The energy was already electric when I arrived at 6.45pm for a 7.15 start, abuzz with the voices of over 200 women (and a few brave or curious men). A slide show was playing from that very first performance in 2003, synchronistically at the same venue. The stage was set with 3 temptingly empty red leather barstools.



An announcement by the voluptuous MC, June Gachui, looking wickedly coquettish in tipped black trilby, brought us all to attention for the introductory short films: “Kenyan Woman”, a film by Kaz, was an elderly woman’s testimony of being gang-raped during the post-election violence. It was sobering, yet ended with her message of hope: “Never give up.” This was followed by the signature One Billion Rising short film, which highlights many forms of gender-based violence, and culminates with all the victims rising and dancing as one around the world.



Director, Mumbi Kaigwa opened with a poem in memory of Betty Kavata, who was beaten to death by her husband. She declared, “We will not forget you.” Then to rousing applause, twenty women paraded onto the stage like a pageant of top models, resplendent in the V-Day colours of black and red. Black skin, brown skin, red dresses, black dresses, red high heels; bold, buxom, lithe, elegant, startling, each different from the other, each a beauty. Some unashamedly baring cleavages or long legs in short slinky dresses. All phases of womanhood were represented here: mother and daughter; one woman full-bellied in pregnancy and another holding her newborn - the youngest “vagina warrior” in red tartan jumpsuit and red socks! They took their place in the semi-circle of chairs at the back of the stage. Then three women, or two or one would rise and sit on the red chair(s) for delivery of the different monologues.

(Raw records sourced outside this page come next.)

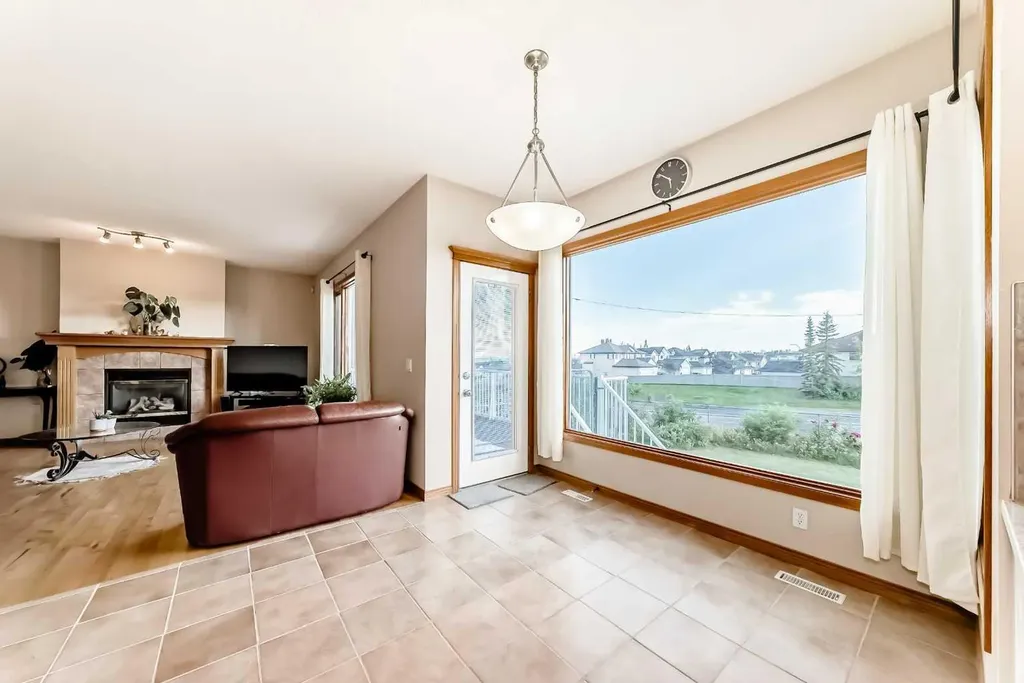 75 Hampstead Way NW Calgary AB T3A 6E5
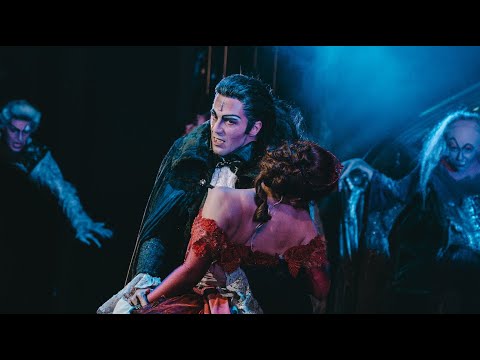 Unstillbare Gier - Filippo Strocchi - Tanz der Vampire (Eng sub)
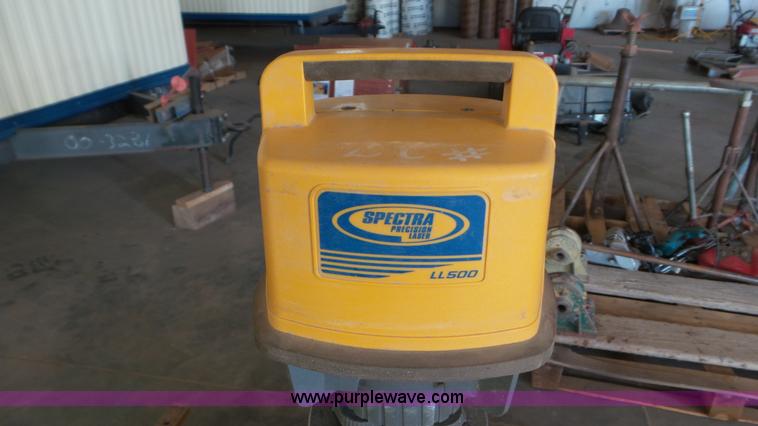 image for item BN9355 Assorted surveying equipment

By turns poignant and painful, uproariously funny and deliciously sexy, it was a celebration and appreciation of the wonder, mystery and beauty of vaginas. These women commanded our attention, they commanded our respect, they showed us the huge, hidden power of women; they titillated, they cajoled and convinced, they raged and railed, they appealed to our senses, they appealed to our humanity. They declared “Enough is enough!”
They had us applauding, shrieking, ululating.



One lady, Bea Imathiu, experiencing the Vagina Monologues for the first time, later reflected:



“We laughed and cried in equal measure .... I cried from a place so far, the tears didn't fall - I laughed so hard I forgot to be a lady.
The monologues painted such a vivid picture: as Kaz regaled us with "The Flood", you could feel the wetness in her dress, you involuntarily squeezed your thighs shut at her numerous embarrassments for making an old lady talk about her ‘down there’! …
I had an emergency cesarean section a few weeks ago. I was alone in there. Screaming. Crawling. Naked. So the beautiful monologue [Eve’s own],"I was there in the room" tore at me. Seared my wound all over again. How I wish I'd had someone special to witness my vagina play her part in life's miracle of miracles.”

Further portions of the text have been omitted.